*Given information*:
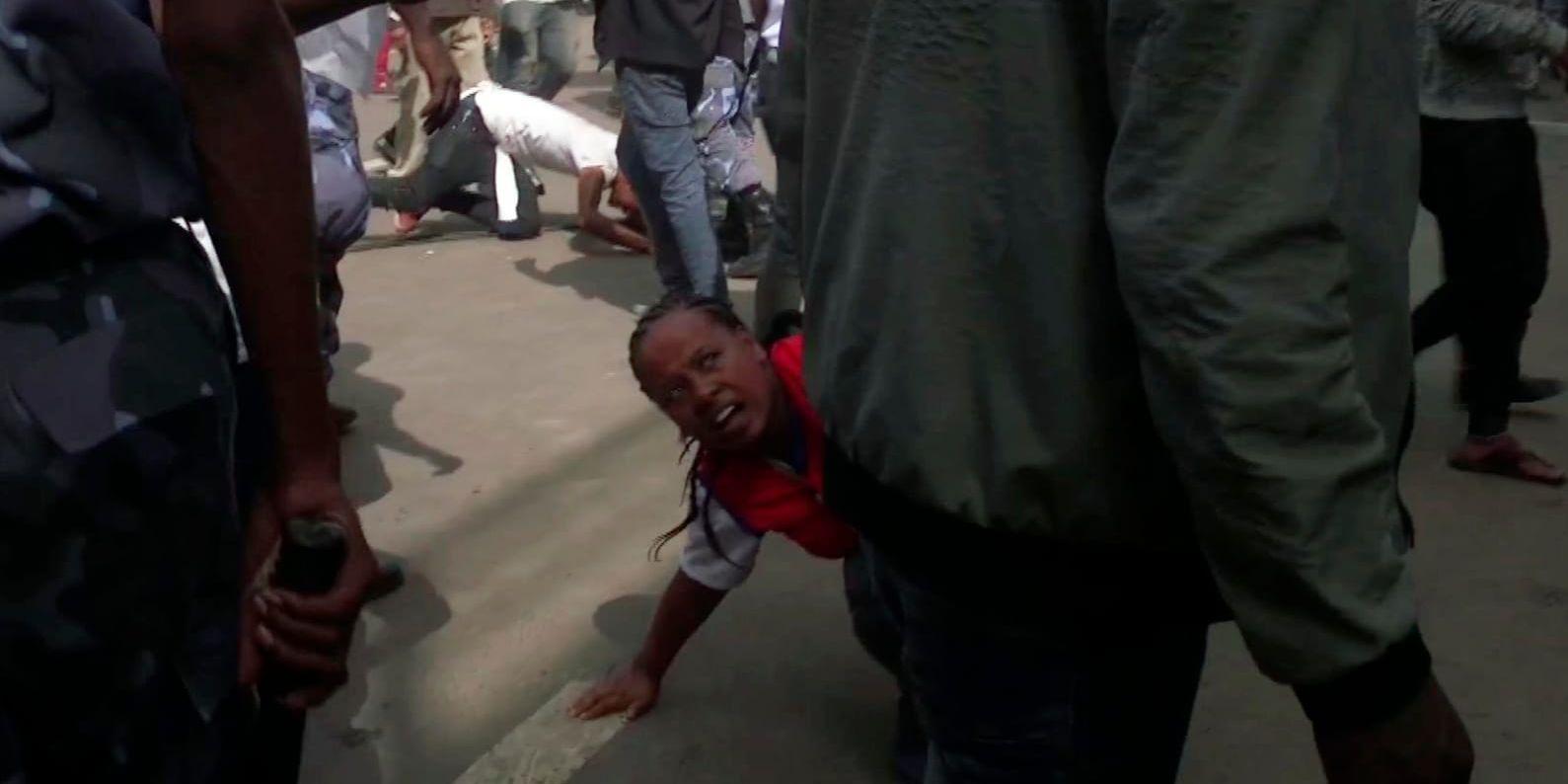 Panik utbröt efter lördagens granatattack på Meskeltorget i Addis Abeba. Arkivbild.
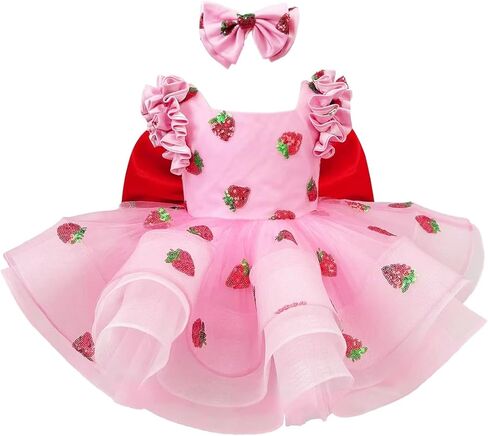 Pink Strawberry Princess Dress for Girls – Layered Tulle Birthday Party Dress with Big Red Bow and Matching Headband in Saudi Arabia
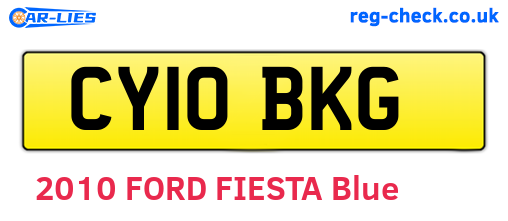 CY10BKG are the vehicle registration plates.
* * *
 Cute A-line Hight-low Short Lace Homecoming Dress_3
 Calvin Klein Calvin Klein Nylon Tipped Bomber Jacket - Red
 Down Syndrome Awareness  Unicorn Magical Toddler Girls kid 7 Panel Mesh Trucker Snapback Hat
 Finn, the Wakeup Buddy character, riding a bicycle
---
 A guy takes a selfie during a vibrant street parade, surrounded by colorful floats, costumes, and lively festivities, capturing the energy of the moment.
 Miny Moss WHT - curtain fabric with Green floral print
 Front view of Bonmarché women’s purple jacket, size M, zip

*Prompt*: I'd like the lines above repeated exactly, from the one that contains "Panik utbröt efter" through the one that contains "CY10BKG are the vehicle registration plates.", with no pictures.

*Answer area*:
 Panik utbröt efter lördagens granatattack på Meskeltorget i Addis Abeba. Arkivbild.
 Pink Strawberry Princess Dress for Girls – Layered Tulle Birthday Party Dress with Big Red Bow and Matching Headband in Saudi Arabia
 CY10BKG are the vehicle registration plates.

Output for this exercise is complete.